[
https://issues.apache.org/jira/browse/HADOOP-12678?page=com.atlassian.jira.plugin.system.issuetabpanels:comment-tabpanel&focusedCommentId=15086136#comment-15086136
]
Chris Nauroth commented on HADOOP-12678:
----------------------------------------
Thank you, [~madhuch-ms]. The error handling in {{deleteRenamePendingFile}}
still needs some work. Here is the code from your v005 patch.
{code}
} catch (IOException e) {
// If the rename metadata was not found then somebody probably
// raced with us and finished the delete first
Throwable t = e.getCause();
if (t != null && t instanceof StorageException) {
StorageException se = (StorageException) t;
if (se.getErrorCode().equals(("BlobNotFound"))) {
LOG.warn("rename pending file " + redoFile + " is already deleted");
} else {
throw e;
}
}
}
{code}
If there is a general {{IOException}} not caused by an Azure
{{StorageException}}, then this logic would stifle the exception without either
throwing it or logging it. An example of this could be loss of network
connectivity to the Azure Storage backend, which Java would report as an
{{IOException}} with no cause and a message describing the network error. We'd
want to make sure errors like this propagate to the caller, so please stick
with the code I gave in my last comment:
{code}
} catch (IOException e) {
Throwable cause = e.getCause();
if (cause != null && cause instanceof StorageException &&
"BlobNotFound".equals(((StorageException)cause).getErrorCode())) {
LOG.warn("rename pending file " + redoFile + " is already deleted");
} else {
throw e;
}
}
{code}
This ensures that only the BlobNotFound error would get swallowed, and any
other {{IOException}}, whether or not its root cause is in Azure Storage, would
propagate to the caller. It also clarifies that there are really only two
cases for this code: swallow BlobNotFound, else rethrow.
The JavaDoc warnings from the last pre-commit run don't require any action.
These are pre-existing warnings unrelated to this patch.
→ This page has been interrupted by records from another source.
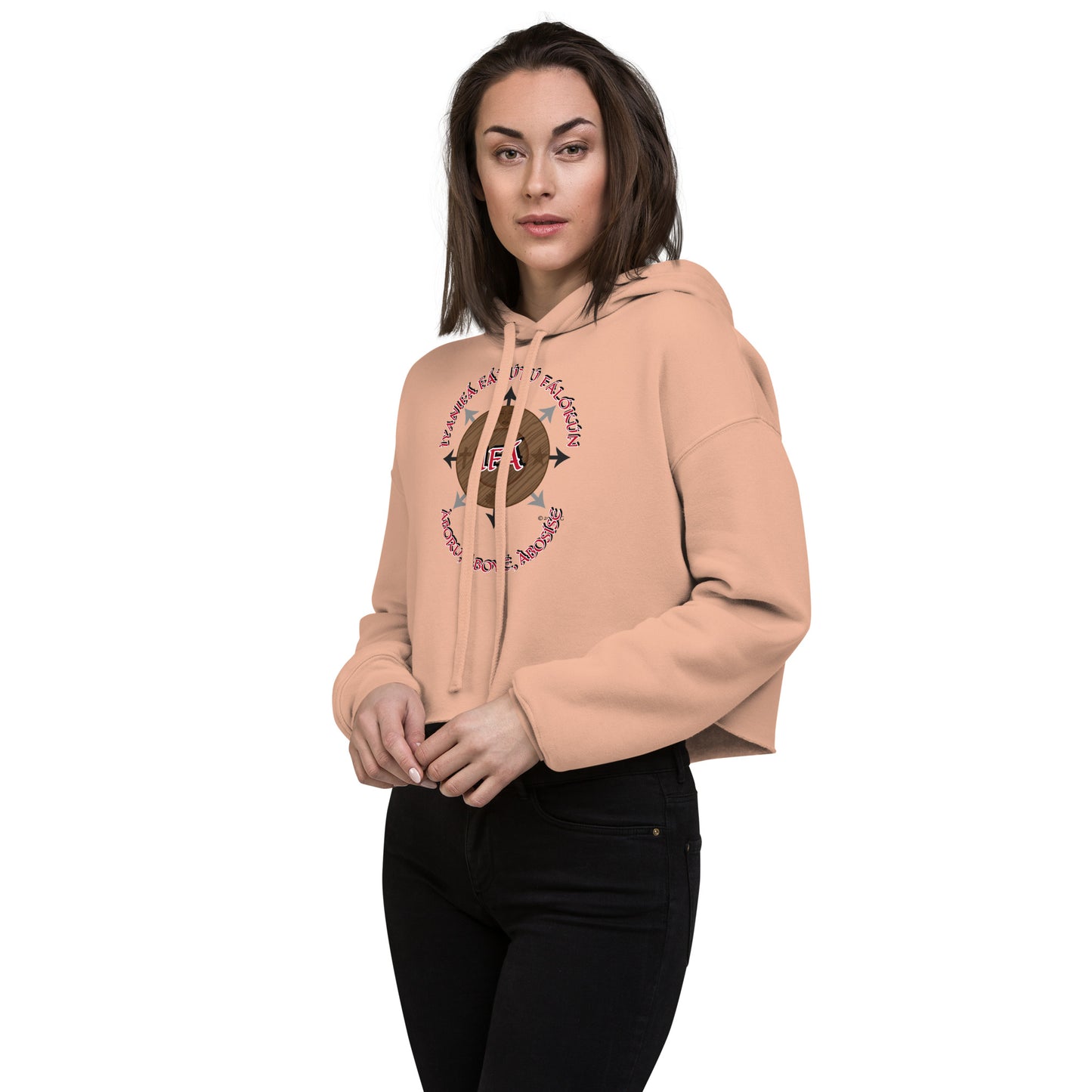 Personalized ÌYANIFÁ Crop Hoodie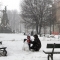 Piazza Statuto, pupazzo di neve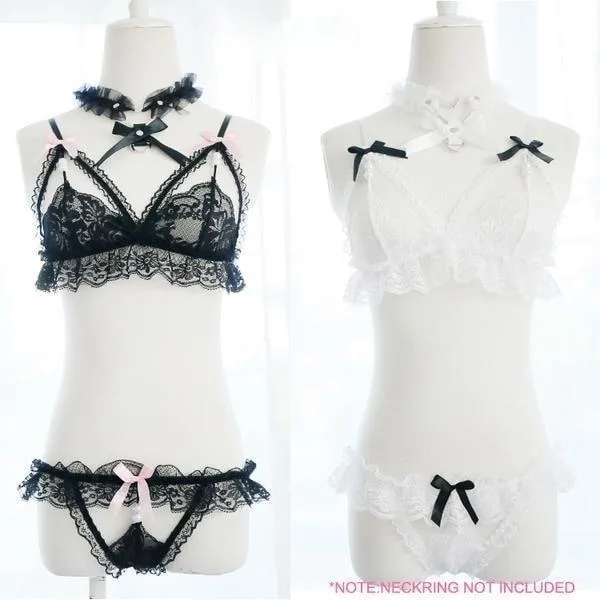 Lace Harness Lingerie Set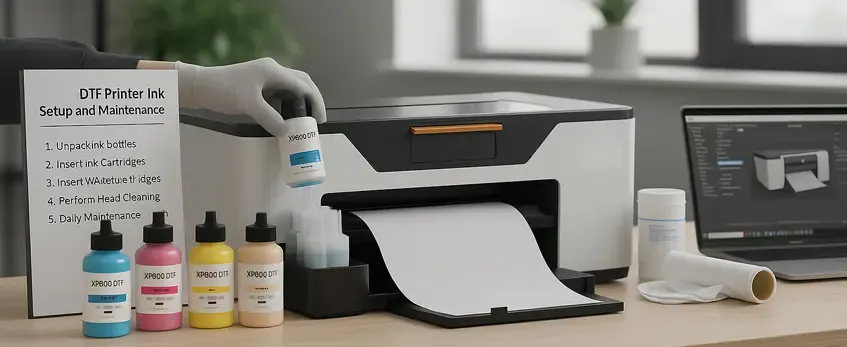 XP600 DTF printer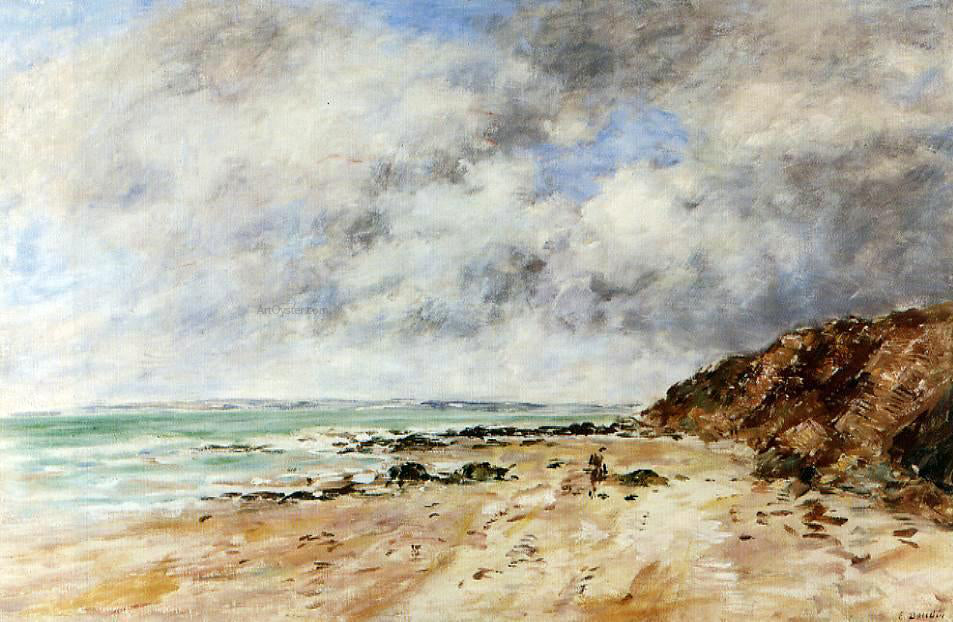 Eugene-Louis Boudin Hennequeville, near Trouville - Canvas Print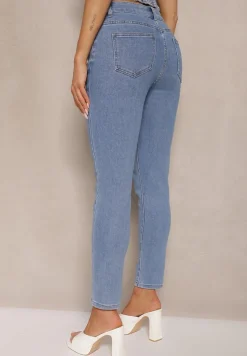 Jasnoniebieskie Jeansy Skinny High Waist Sepilvia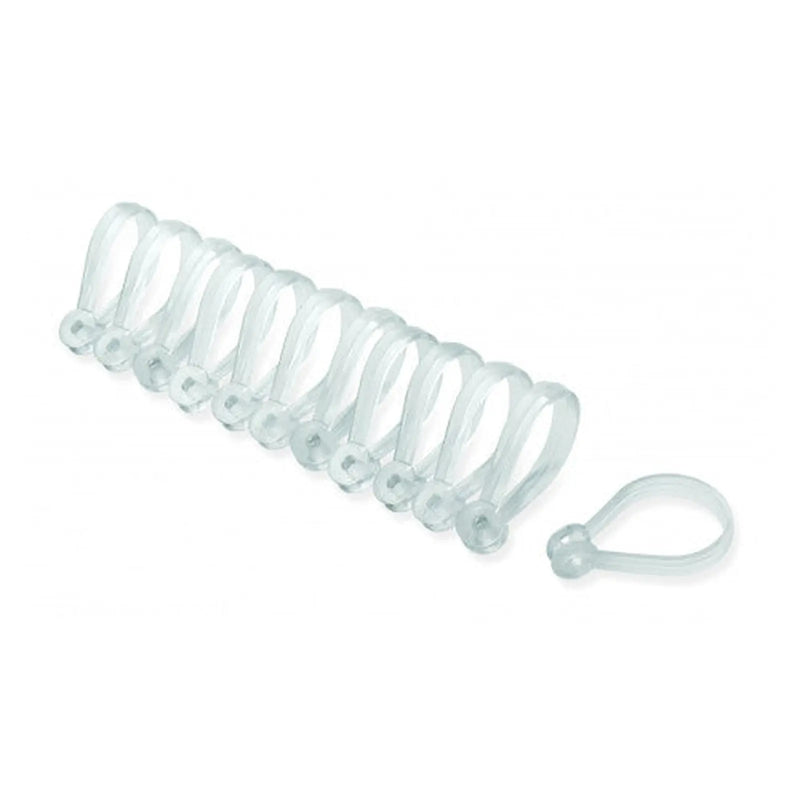 Centurion Shower Curtain Rings - Clear - 12 Pack - Pack of 5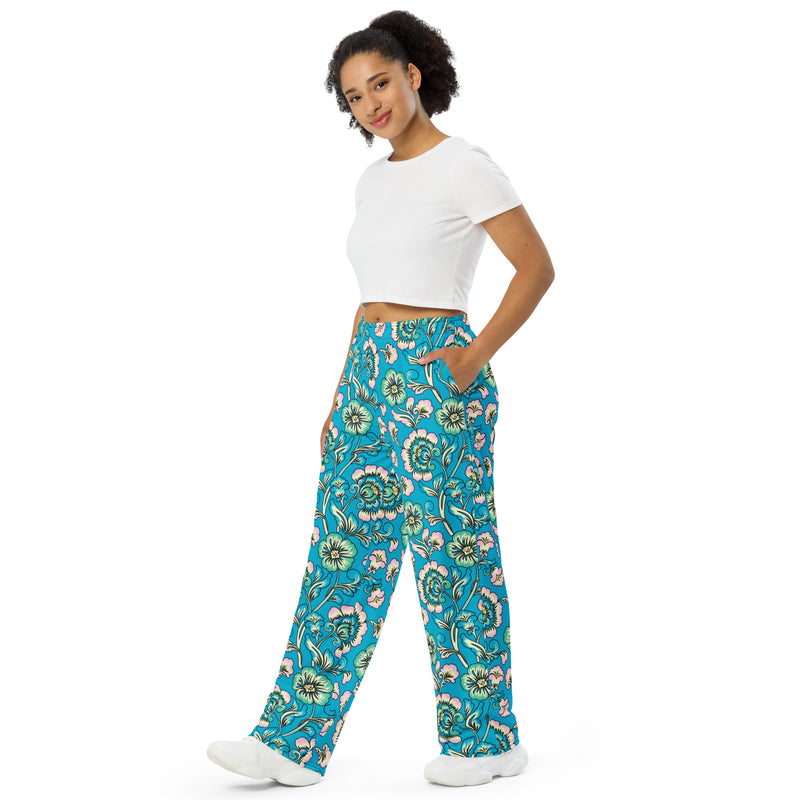 M Kemp unisex wide-leg pants - Objet D'Art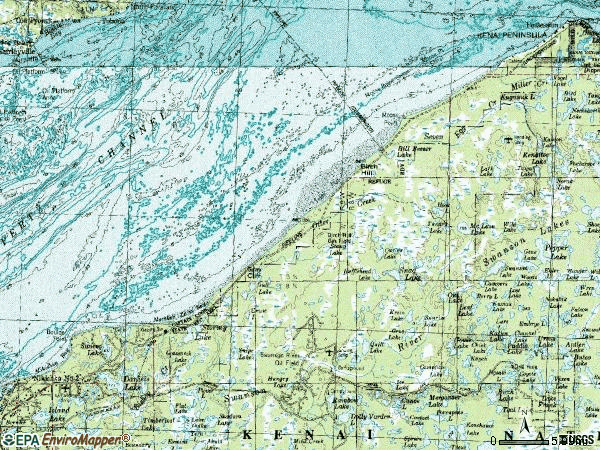 Zip code 99635 topographic map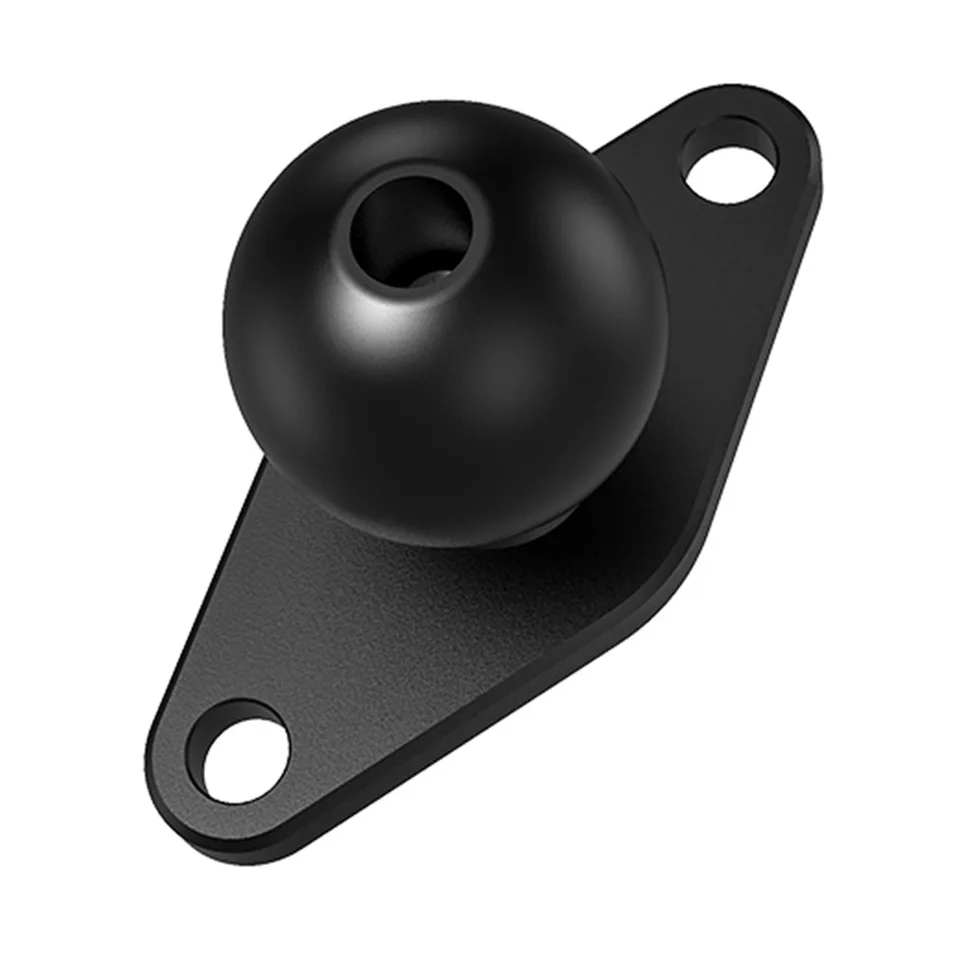Base De Bola M10 En Ángulo Para Motocicleta • Soporte De Aleación Para GPS Y Teléfono • Instalación Rápida • Ajuste De 360°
The patch is shifting
the line numbers and therefore making it appear that new warnings were
introduced.
> Handle empty rename pending metadata file during atomic rename in redo path
> ---------------------------------------------------------------------------
>
> Key: HADOOP-12678
> URL: https://issues.apache.org/jira/browse/HADOOP-12678
> Project: Hadoop Common
> Issue Type: Bug
> Components: fs/azure
> Reporter: madhumita chakraborty
> Assignee: madhumita chakraborty
> Priority: Critical
> Attachments: HADOOP-12678.001.patch, HADOOP-12678.002.patch,
> HADOOP-12678.003.patch, HADOOP-12678.004.patch, HADOOP-12678.005.patch
>
>
> Handle empty rename pending metadata file during atomic rename in redo path
> During atomic rename we create metadata file for rename(-renamePending.json).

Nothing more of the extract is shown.